CGM modeling of the peptidome and clinical features to predict AH outcome. (A) Sensitivity and specificity of the 5-fold cross-validation during the prediction phase of model development. x-axis: the threshold used in the parameter sweep (range: 0.1–1.0). The intersection of sensitivity and specificity was used to determine the optimal threshold for each fold in each model. (B) Density distribution of 90-day survival classification over different cutoff probability thresholds. Models 2 and 3 offer better separation of the 2 categories than the MELD score alone. Abbreviations: AH, alcohol-associated hepatitis; MELD, Model for End-Stage Liver Disease.

FIGURE 6

Comparison of model performance using the complete data set. (A) Comparison of model performance using the complete data set. The tables show the number of correctly and incorrectly classified samples. Sensitivity, specificity, and balanced accuracy summarize these results.
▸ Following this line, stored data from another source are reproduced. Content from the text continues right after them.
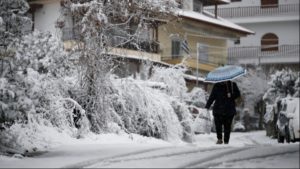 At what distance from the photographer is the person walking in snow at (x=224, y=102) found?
45.7ft

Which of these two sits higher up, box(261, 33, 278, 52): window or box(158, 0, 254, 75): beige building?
box(158, 0, 254, 75): beige building

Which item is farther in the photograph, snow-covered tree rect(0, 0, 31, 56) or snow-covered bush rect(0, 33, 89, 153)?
snow-covered tree rect(0, 0, 31, 56)

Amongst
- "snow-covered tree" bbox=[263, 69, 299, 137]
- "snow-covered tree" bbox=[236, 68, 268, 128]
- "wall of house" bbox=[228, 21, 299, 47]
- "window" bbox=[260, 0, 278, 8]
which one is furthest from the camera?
"snow-covered tree" bbox=[236, 68, 268, 128]

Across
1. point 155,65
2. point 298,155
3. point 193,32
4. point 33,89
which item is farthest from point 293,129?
point 193,32

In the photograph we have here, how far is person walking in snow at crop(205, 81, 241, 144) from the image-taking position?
549 inches

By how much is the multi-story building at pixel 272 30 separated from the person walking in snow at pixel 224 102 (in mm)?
1157

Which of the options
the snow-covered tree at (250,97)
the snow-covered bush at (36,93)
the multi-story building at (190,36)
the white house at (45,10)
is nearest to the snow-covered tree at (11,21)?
the snow-covered bush at (36,93)

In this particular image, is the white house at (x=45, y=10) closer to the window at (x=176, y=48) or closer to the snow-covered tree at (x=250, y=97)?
the window at (x=176, y=48)

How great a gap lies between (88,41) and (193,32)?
15.3 meters

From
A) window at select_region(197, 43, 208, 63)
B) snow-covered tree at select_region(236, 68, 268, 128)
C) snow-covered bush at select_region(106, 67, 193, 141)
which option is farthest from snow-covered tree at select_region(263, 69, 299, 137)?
window at select_region(197, 43, 208, 63)

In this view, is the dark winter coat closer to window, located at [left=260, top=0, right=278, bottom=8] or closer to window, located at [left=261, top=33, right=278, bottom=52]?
window, located at [left=261, top=33, right=278, bottom=52]

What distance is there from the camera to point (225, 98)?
45.8 ft

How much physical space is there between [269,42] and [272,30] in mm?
264

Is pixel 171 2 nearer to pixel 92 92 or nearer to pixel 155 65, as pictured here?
pixel 92 92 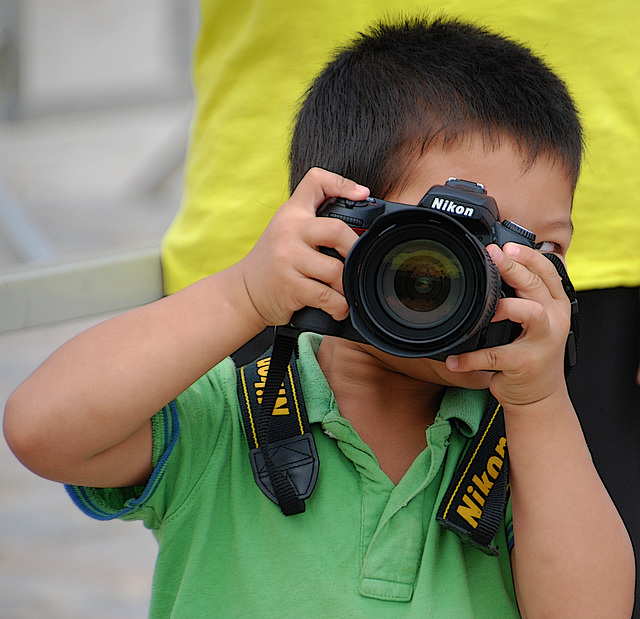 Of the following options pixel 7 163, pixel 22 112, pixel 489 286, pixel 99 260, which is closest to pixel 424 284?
pixel 489 286

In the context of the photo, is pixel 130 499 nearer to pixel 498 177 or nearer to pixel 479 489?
pixel 479 489

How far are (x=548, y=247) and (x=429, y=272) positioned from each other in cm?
16

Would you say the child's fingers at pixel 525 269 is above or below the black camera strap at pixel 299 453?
above

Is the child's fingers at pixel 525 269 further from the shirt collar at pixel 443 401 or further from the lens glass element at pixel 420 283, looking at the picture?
the shirt collar at pixel 443 401

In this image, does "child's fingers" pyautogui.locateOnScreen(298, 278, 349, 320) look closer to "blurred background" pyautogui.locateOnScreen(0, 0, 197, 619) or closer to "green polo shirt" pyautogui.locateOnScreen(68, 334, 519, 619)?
"green polo shirt" pyautogui.locateOnScreen(68, 334, 519, 619)

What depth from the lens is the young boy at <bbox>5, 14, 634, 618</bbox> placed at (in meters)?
0.76

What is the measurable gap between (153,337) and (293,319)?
4.5 inches

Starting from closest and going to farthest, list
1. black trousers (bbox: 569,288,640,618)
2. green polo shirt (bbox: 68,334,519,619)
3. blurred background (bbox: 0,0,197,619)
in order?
green polo shirt (bbox: 68,334,519,619), black trousers (bbox: 569,288,640,618), blurred background (bbox: 0,0,197,619)

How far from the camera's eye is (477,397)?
908mm

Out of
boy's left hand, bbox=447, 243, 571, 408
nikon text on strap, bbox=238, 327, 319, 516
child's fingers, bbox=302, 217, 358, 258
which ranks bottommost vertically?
nikon text on strap, bbox=238, 327, 319, 516

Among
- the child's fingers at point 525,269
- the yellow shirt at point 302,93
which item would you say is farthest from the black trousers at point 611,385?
the child's fingers at point 525,269

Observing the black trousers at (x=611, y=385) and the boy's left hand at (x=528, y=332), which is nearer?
the boy's left hand at (x=528, y=332)

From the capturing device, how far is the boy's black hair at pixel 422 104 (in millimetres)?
853

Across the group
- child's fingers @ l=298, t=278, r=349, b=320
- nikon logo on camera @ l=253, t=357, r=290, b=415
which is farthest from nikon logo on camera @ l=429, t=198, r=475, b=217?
nikon logo on camera @ l=253, t=357, r=290, b=415
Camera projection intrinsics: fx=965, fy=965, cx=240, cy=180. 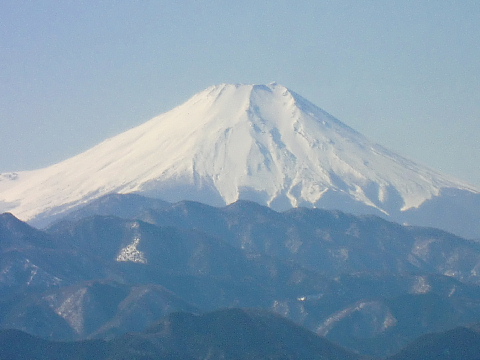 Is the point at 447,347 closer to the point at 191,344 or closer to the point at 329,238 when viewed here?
the point at 191,344

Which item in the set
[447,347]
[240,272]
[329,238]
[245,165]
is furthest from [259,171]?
[447,347]

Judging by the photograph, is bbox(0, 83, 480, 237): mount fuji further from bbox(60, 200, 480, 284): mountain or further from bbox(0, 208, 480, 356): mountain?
bbox(60, 200, 480, 284): mountain

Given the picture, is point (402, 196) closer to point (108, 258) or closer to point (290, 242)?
Result: point (290, 242)

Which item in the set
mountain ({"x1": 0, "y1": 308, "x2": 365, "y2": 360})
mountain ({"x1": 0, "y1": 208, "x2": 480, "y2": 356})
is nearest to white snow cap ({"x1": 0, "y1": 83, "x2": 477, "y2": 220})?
mountain ({"x1": 0, "y1": 208, "x2": 480, "y2": 356})

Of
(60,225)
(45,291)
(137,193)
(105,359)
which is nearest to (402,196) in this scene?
(137,193)

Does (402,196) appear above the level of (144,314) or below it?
below

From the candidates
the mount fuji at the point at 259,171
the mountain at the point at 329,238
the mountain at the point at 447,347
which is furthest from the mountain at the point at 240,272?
the mountain at the point at 447,347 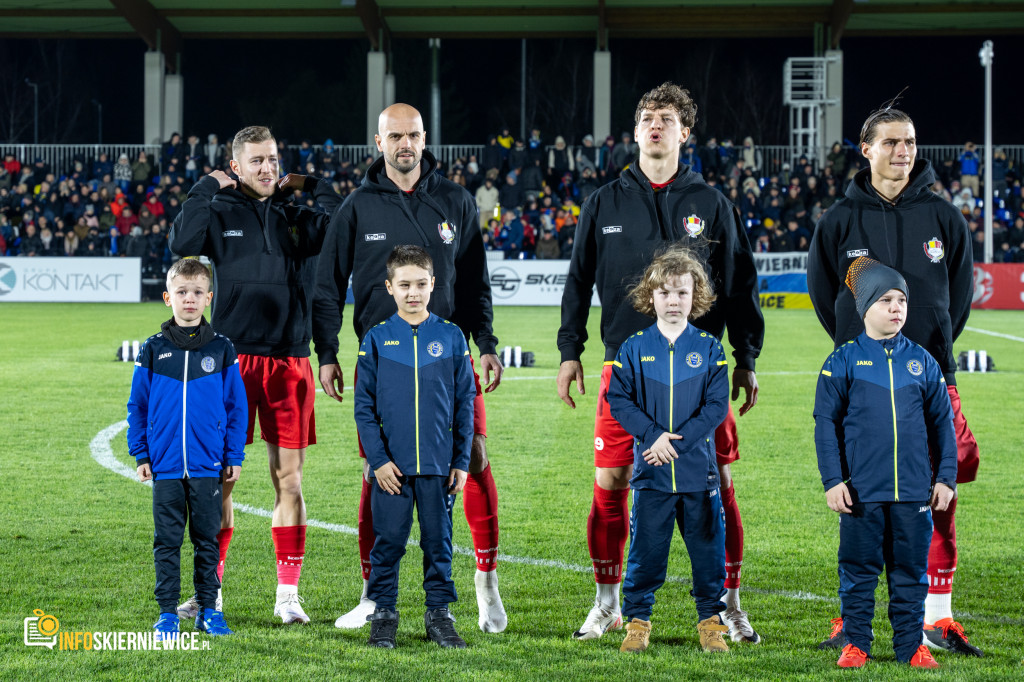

Kaplan-Maier survival plots depict the discrimination ability of the 3 models. (B) Visualization of the distribution of selected predictive variables of 90-day survival· In model 1, which uses the MELD score only, the MELD variable is the only significantly different variable in the 2 predicted classes.· In model 2 (peptidomic features), MELD is also significant, even though it was not used in model 2 to predict survival· The p value of the MELD score is less significant in model 2 than in the other 2 models where MELD was used as a predictive variable. Red boxes designate the variables that are used for prediction in each model. Abbreviation: MELD, Model for End-Stage Liver Disease.